The short, but inadequate, answer to that question is probably yes, as both Fareed Zakaria (in The Post-American World) and Kishore Mahbubani (in The New Asian Hemisphere: The Irresistible Shift of Global Power to the East) have recently argued. But the degree to which power is shifting is not yet clear. It is true that the United States has lost significant amounts of soft power over the last six or seven years, as a result of the perceived unilateralism and the violations of human rights associated with the “war or terror.” Its economy has entered what is almost the most serious recession in decades – and that recession is likely to be both deep and unusually protracted. Its military is still the strongest in the world, but it is overextended in Iraq and Afghanistan, and the military budget is likely to come under significant pressure during the current recession.
However, the U.S. may recover along most of these dimensions, if the new Administration acts wisely. U.S. soft power had already begun to revive in the latter years of the Bush Administration, and may well revive further if the Obama Administration restates a commitment to multilateralism, international law, and a wider range of traditional American values. Although the American economy will likely take up to two years to recover, a stimulus package that includes smart investments in human resources and physical infrastructure, and that promotes new high-value added industry and services, could make it more productive than ever. The U.S. military will still face a long-term challenge in Afghanistan, but at the same time will be reducing its presence in Iraq.
Moreover, the rise in China’s power should not be overstated – either how far it has come so far or how far it is likely to go. China is developing the infrastructure to project its soft power, but it has not yet fully developed the message that infrastructure will be expected to communicate. Although China’s military is a powerful defensive force – and has the ability to complicate any American intervention in a crisis in the Taiwan Strait – it is only just beginning to develop an effective offensive or power projection capability. China has experienced three decades of double-digit economic growth, but its economy is severely imbalanced and faces the challenges of an aging population, environmental degradation, and growing inequalities. And China’s economy is suffering from the collapse of its own asset bubble, as well as the impact of the global financial crisis.

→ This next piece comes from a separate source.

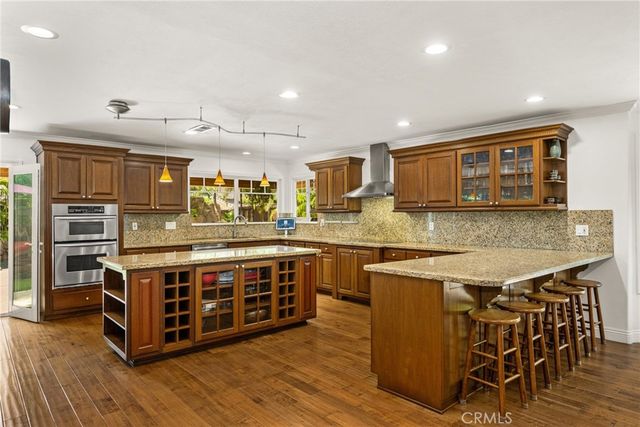 10 Whistling Isle, Irvine, CA 92614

So there is almost certainly going to be a gradual shift of relative power away from the United States and toward the emerging economies of Asia. But it is unlikely that the power shift will be so swift and decisive that China will replace the U.S. as the regional hegemon, as some Australians are now worrying. Asia is an extremely crowded region geopolitically, including give five major powers (China, India, Japan, Russia, and the U.S.), two significant middle level powers (Australia and South Korea), plus the ASEAN grouping. For Beijing to dominate so complex and vibrant a region would require not only a spectacular success on China’s part, but also the simultaneous weakening of a large number of its neighbors. The odds of that outcome are relatively small.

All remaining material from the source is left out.